Americans Being Evacuated From War-Torn Countries Isn't Free. Here's How It Works

When American citizens find themselves caught in a foreign country amid a war or natural disaster, the U.S. government sometimes swoops in and rescues them from harm's way — but it isn't free. Before they can board the ship or plane, the people being rescued must sign a document promising to repay the U.S. Department of State for the expenses accrued in the process.

"I clearly understand that I am accepting evacuation of my own free will and at my own risk to a location chosen by the U.S. Government," the U.S. Department of State form begins. Later, it says, "I promise to repay the U.S. Government in U.S. dollars or the foreign currency equivalent, within 30 days of initial billing, and if not repaid within 60 days of initial billing at an interest rate established in accordance with Federal law, for all applicable expenses for my/our evacuation." While it might seem a little harsh — people are being forced to sign a promissory note while fleeing a potentially deadly situation — it's been the law of the land since 1956.
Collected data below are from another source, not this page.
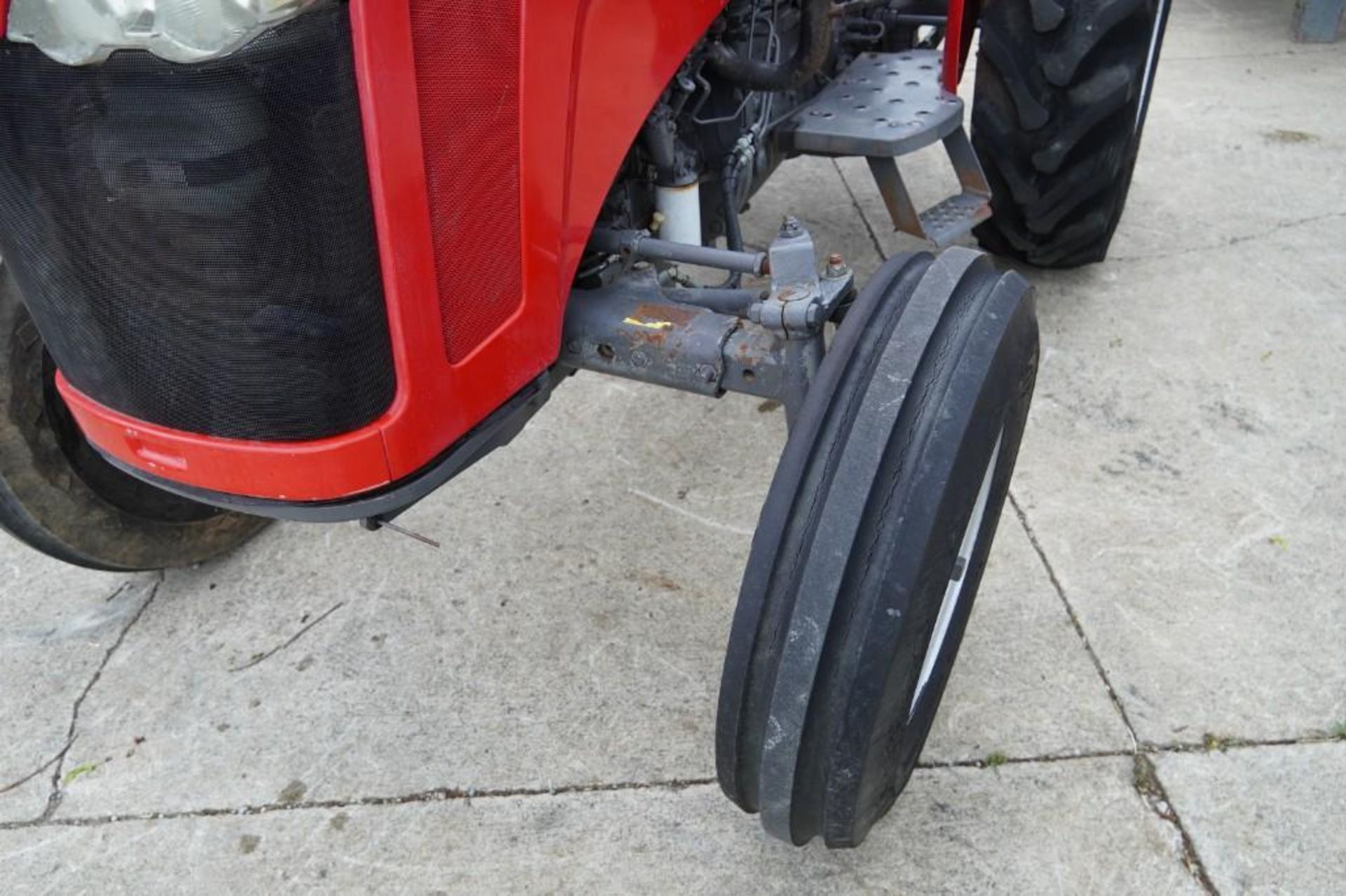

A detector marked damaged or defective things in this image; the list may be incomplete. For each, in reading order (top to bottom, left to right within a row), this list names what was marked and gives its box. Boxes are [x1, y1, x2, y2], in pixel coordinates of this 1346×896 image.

pavement crack [41, 576, 160, 817]
pavement crack [227, 599, 344, 670]
pavement crack [1012, 492, 1222, 888]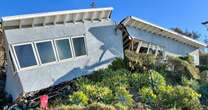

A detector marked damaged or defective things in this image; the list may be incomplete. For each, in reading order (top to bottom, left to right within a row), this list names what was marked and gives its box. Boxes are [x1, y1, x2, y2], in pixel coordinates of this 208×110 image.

damaged roof [121, 16, 207, 48]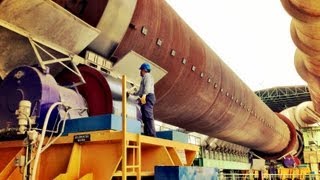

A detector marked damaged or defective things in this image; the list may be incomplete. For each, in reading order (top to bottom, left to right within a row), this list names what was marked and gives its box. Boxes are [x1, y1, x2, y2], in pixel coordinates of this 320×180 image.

The destination is rarely the U.S.

Even before requiring evacuees to repay the government became a law, it appears that it was standard practice, even during World War II, per the Austin-American Statesman. The American government bases the reimbursement cost on what the evacuee would pay for a "full fare economy flight, or comparable alternate transportation" to the destination of the government's choosing, which is rarely the U.S., according to the U.S. Department of State website.

The protocol is to send evacuees to the nearest safe neighboring country, or even a safer part of the country they're fleeing. When an evacuee arrives at their destination, they'll have to pay for their accommodations and any connecting flights. Evacuees may be able to get an emergency loan. "For U.S. citizens who need emergency financial assistance at the evacuation destination, you may ask a consular officer to help you apply for a loan to help with the costs of your accommodations and/or other essential expenses," the U.S. State Department reads. But again, it's a loan that will need to be paid back.

Fees are sometimes waived

If a U.S. citizen can't afford to pay off the promissory note, the Department of State "at its discretion" may give the evacuee the option for an installment plan, per the U.S. Department of State form. If the evacuee still doesn't repay the fee, the government can prevent that person and their family members from getting a U.S. passport. In some cases, the Department of State has waived reimbursements during evacuations. In 1990, the U.S. government picked up the tab for citizens fleeing Iraq and Kuwait during the Gulf War. Similarly, in 2006, the government didn't require evacuees from Lebanon to pay back travel costs.

"In an emergency, when people are in danger, your life is at risk, it's not the time to be forcing people to sign away their life's savings," Richard Goldberg, senior advisor at the nonpartisan think tank Foundation for Defense of Democracies, told The National Desk. "It's the time to be getting people out of harm's way." Members of Congress have attempted to amend the law over the years — but without success.